InternalDocs/jit.md - external/github.com/python/cpython - Git at Google

 # The JIT

 The [adaptive interpreter](interpreter.md) consists of a main loop that
 executes the bytecode instructions generated by the
 [bytecode compiler](compiler.md) and their
 [specializations](interpreter.md#Specialization). Runtime optimization in
 this interpreter can only be done for one instruction at a time. The JIT
 is based on a mechanism to replace an entire sequence of bytecode instructions,
 and this enables optimizations that span multiple instructions.

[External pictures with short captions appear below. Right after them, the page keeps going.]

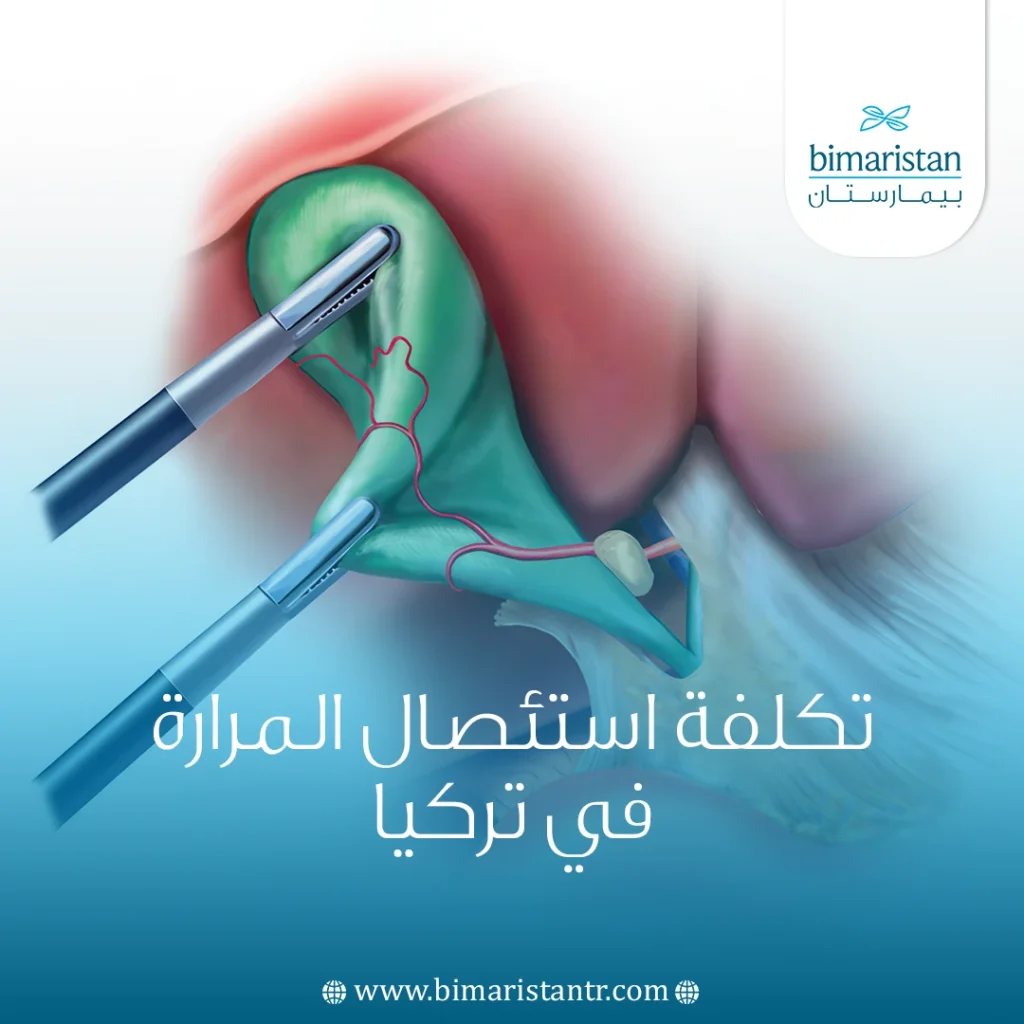 تكلفة استئصال المرارة في تركيا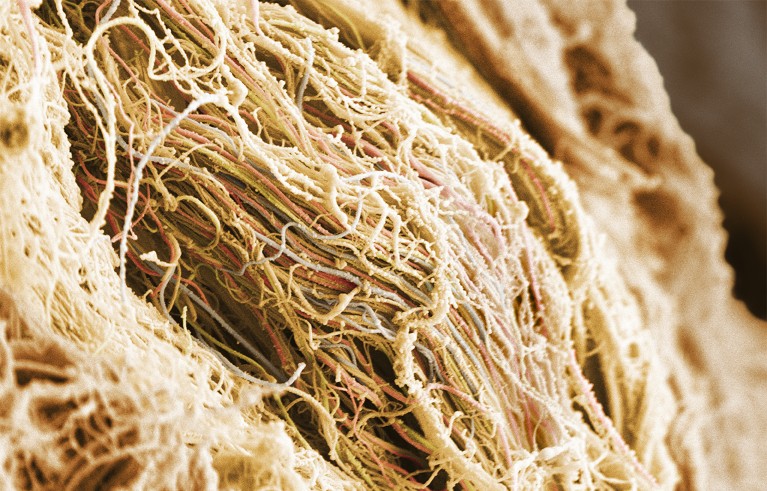 Coloured scanning electron micrograph of human cartilage tissue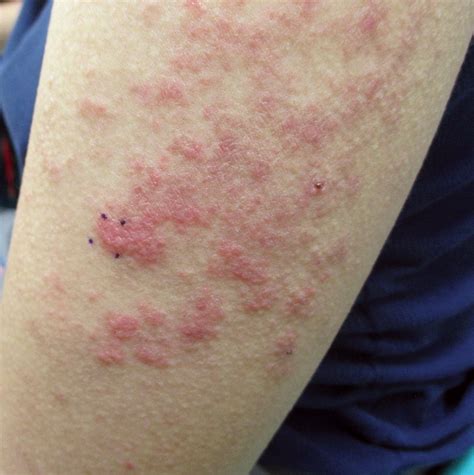 Lupus Rash On Arms And Hands
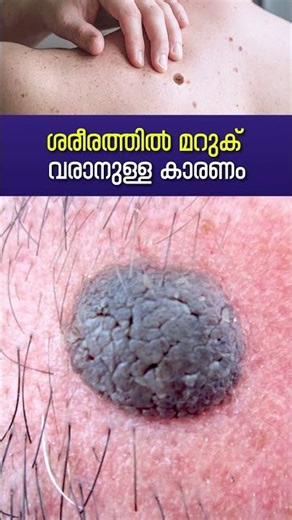ശരീരത്തിൽ മറുക് വരാനുള്ള കാരണം | The reason for moles on the body | Health Tips | Skin Care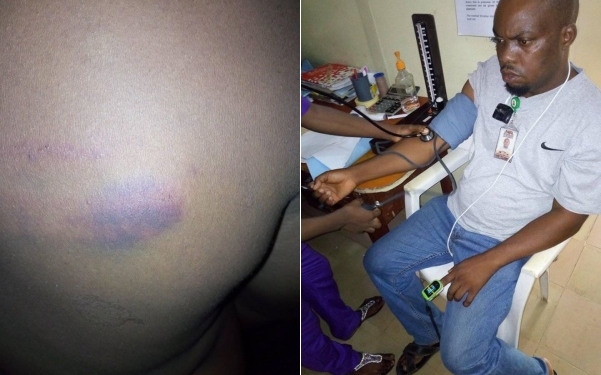 Coronavirus lockdown: NTA staff allegedly brutalized by soldiers in Ondo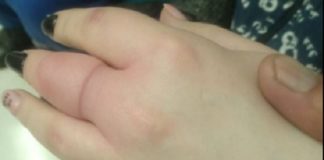 Спасатели помогли жительнице Шымкента снять кольцо с пальца снимают кольцо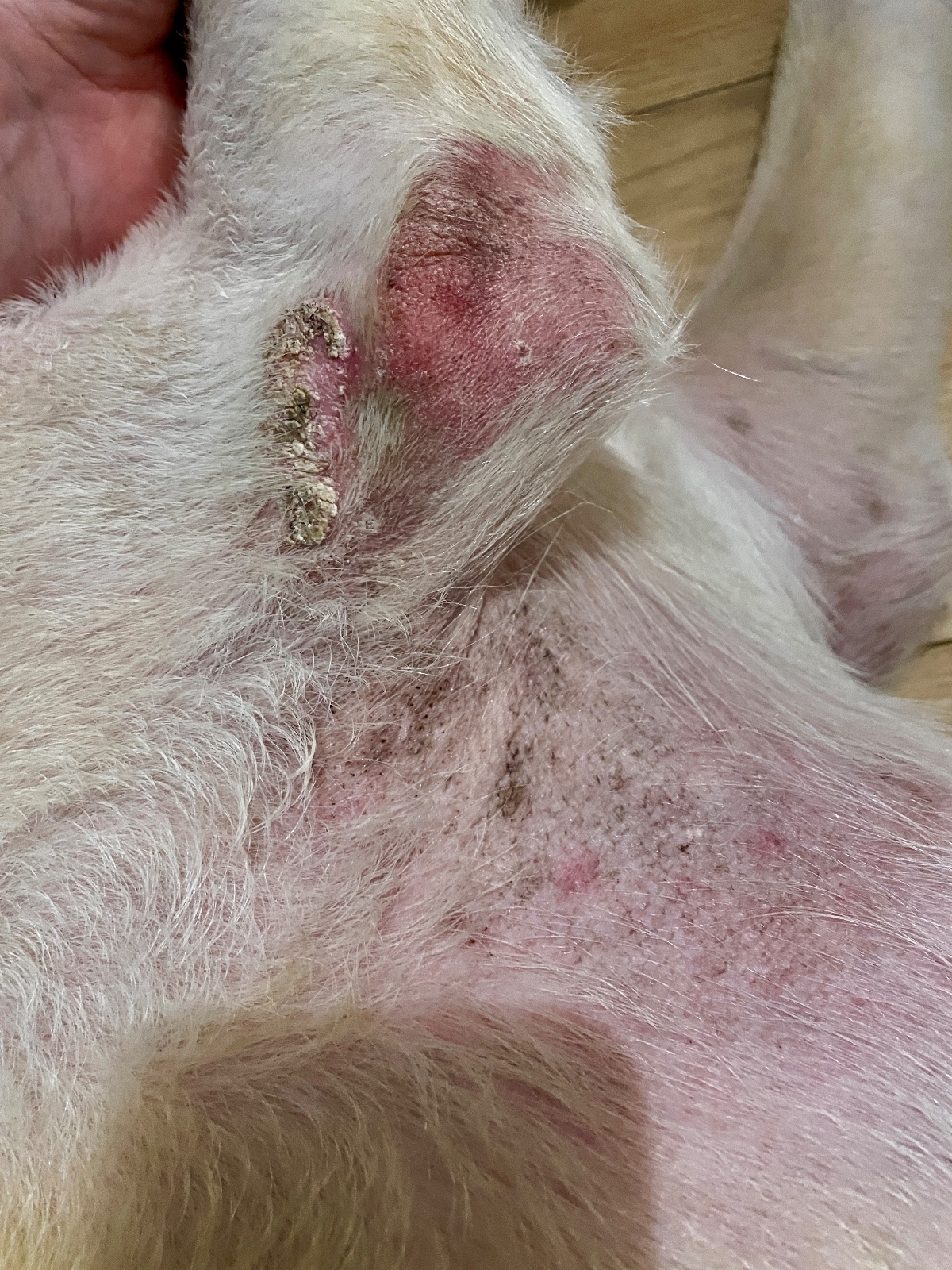 Sara with Calcinosis Cutis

 Historically, the adaptive interpreter was referred to as `tier 1` and
 the JIT as `tier 2`. You will see remnants of this in the code.

 ## The Optimizer and Executors

 The program begins running on the adaptive interpreter, until a `JUMP_BACKWARD`
 instruction determines that it is "hot" because the counter in its
 [inline cache](interpreter.md#inline-cache-entries) indicates that it
 executed more than some threshold number of times (see
 [`backoff_counter_triggers`](../Include/internal/pycore_backoff.h)).
 It then calls the function `_PyOptimizer_Optimize()` in
 [`Python/optimizer.c`](../Python/optimizer.c), passing it the current
 [frame](frames.md) and instruction pointer. `_PyOptimizer_Optimize()`
 constructs an object of type
 [`_PyExecutorObject`](../Include/internal/pycore_optimizer.h) which implements
 an optimized version of the instruction trace beginning at this jump.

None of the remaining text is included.